Serendipity

I had been reading over on Pratie Place about the wonderful 17th-century Mexican nun Sor (Sister) Juana Inés de la Cruz, her life, and a lovely poem about, well, about the general stupidity of men.

Then, this evening, after a browse around the half-price ticket booth in Leicester Square, I decided that the only thing that appealed was a Royal Shakespeare Company Spanish season play House of Desires. (By the way if you are visiting don't be fooled - the proper ticket place is a standalone building in the middle of the square; don't go to any of the joints located in various rows of shops around it or you'll pay for the mistake.)

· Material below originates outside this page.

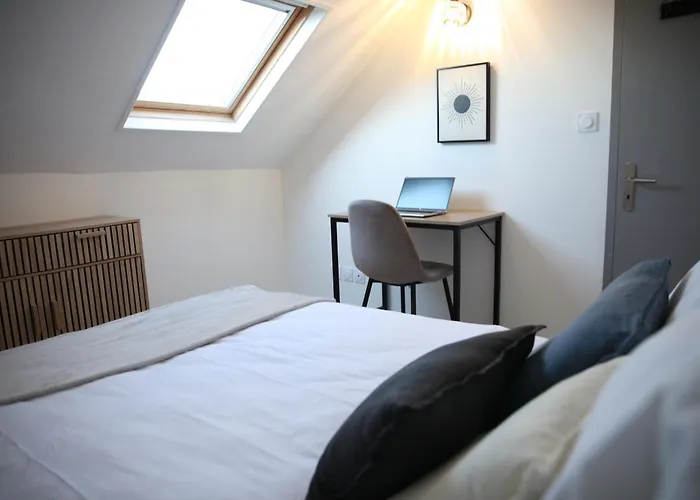 L'attique, Confort, Aere, Centre-ville, Netflix * 拉瓦勒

I had no idea what the play was, but you seldom go wrong with the RSC, so I trotted down to the theatre and picked up a £10 seat there. (This is often cheaper than even the legitimate ticket booth.)

Then, what do you know, I was reading the programme over my neighbour's shoulder, and I realised this was a play by the said Sister.

It is on one level a madcap farce - a variation on the English drawing room scamper with mistaken identities and hidden people overhearing conversations all over the place - and frequently genuinely funny, if sometimes a bit obvious - but it is also a scathing comment on the Sister's society, and particularly the honour culture that weighed so heavily on women.

This becomes particularly evident at the end of the second act, in which the men are concerned not with the fate of their supposedly beloved daughters and sisters, but only with their own honour, and they can't get them married off under "shotgun wedding" conditions fast enough.

Not that the women are saints by any means. The Sister appears to have identified with Doña Leonor, a beautiful learned, if horribly vain girl - the staging has the nun watching the initial action before stripping off to reveal her identity. (Although I doubt that can have been so in the original script.)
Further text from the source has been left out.